Earlier Tuesday, the IOC announced that 31 athletes in six sports could be barred from Rio after retests of their 2008 samples from Beijing found evidence of doping. Samples from London in 2012 are being retested, too, meaning the number of dirty athletes exposed is likely to climb.
This comes less than a week after the head of the Sochi antidoping lab detailed the great lengths Russia took to subvert the system and claim ill-gotten golds. There were three-drug cocktails chased with whiskey or vermouth. Urine samples swapped under the cover of the night — and under the IOC and World Anti-Doping Agency’s noses.
“Should the investigation prove the allegations true it would represent a shocking new dimension in doping with an, until now, unprecedented level of criminality,” Bach wrote.
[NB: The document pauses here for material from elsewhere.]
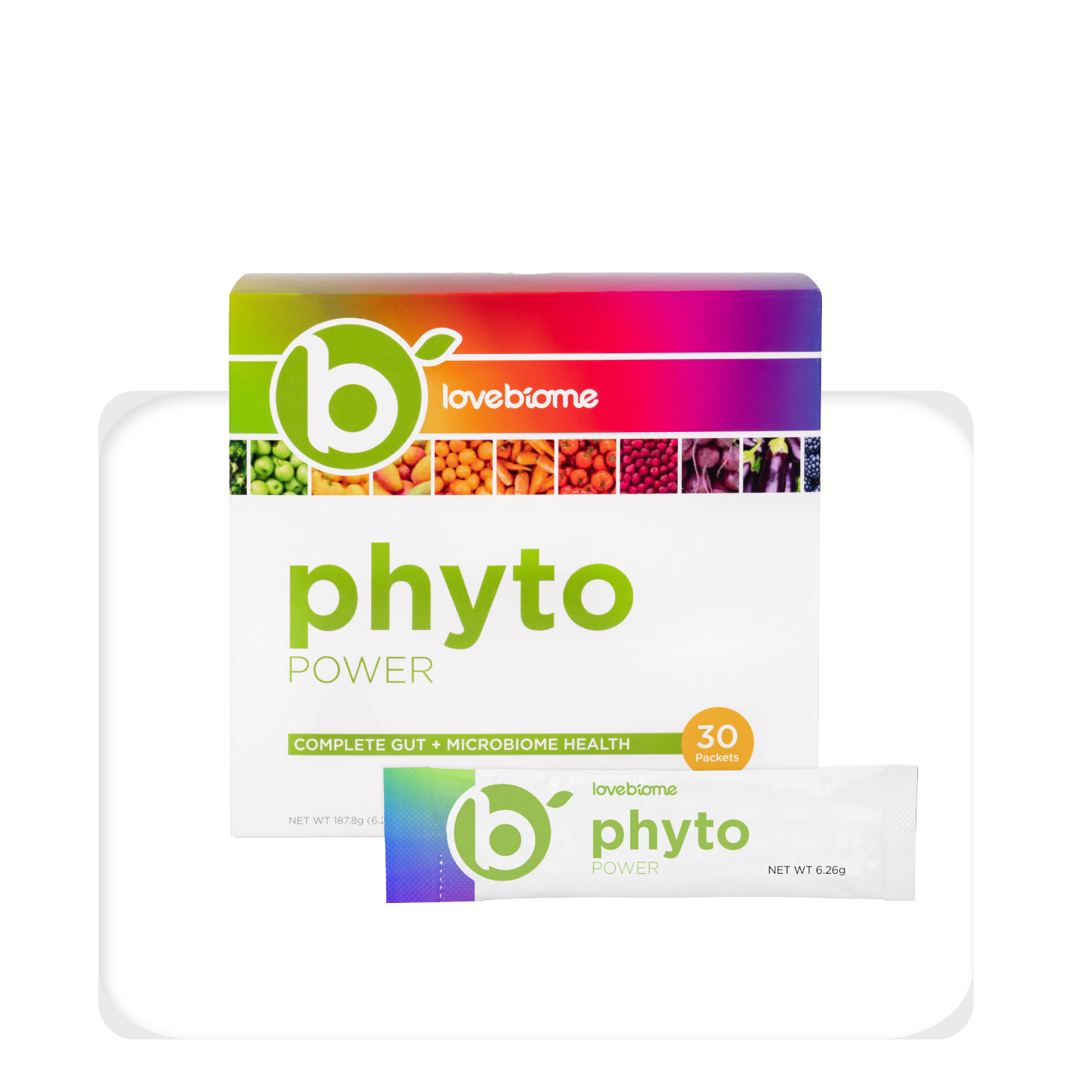 Phytopower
And yet the sordid tales by Grigory Rodchenkov came as the International Association of Athletics Federations is weighing whether to bar Russia’s track and field athletes from Rio after evidence of a widespread, statesponsored doping program.
It does not take a rocket scientist, or a Ph.D. in chemistry, to see this was not a one-off.
With the clamor growing for the IOC and WADA to do more, the Russians made a rare apology and promised to do better. But countries and programs with a proven history of doping should not get the benefit of the doubt — not at the expense of clean athletes.
Teams and countries cheat because they know they can, because the punishments often come years too late and with little consequence. A little embarrassment and quiet rewriting of the record book is a small price to pay for the glory of standing atop the podium when the world is watching, of seeing a country tower over the medals standings when everyone is keeping track.
Doping will never go away entirely. There will always be someone looking for a shortcut, someone willing to bet that the reward is greater than the risk of getting caught. But the anti-doping programs in place and advancements in science are strong enough to deal with those rogue athletes.
It’s when the government of a country gets involved, when systemic doping is not only allowed but also encouraged, that the Olympic movement is threatened. The ideals of fair play and respect for competition have to mean something — for the athletes as well as the public — or the Games will mean nothing.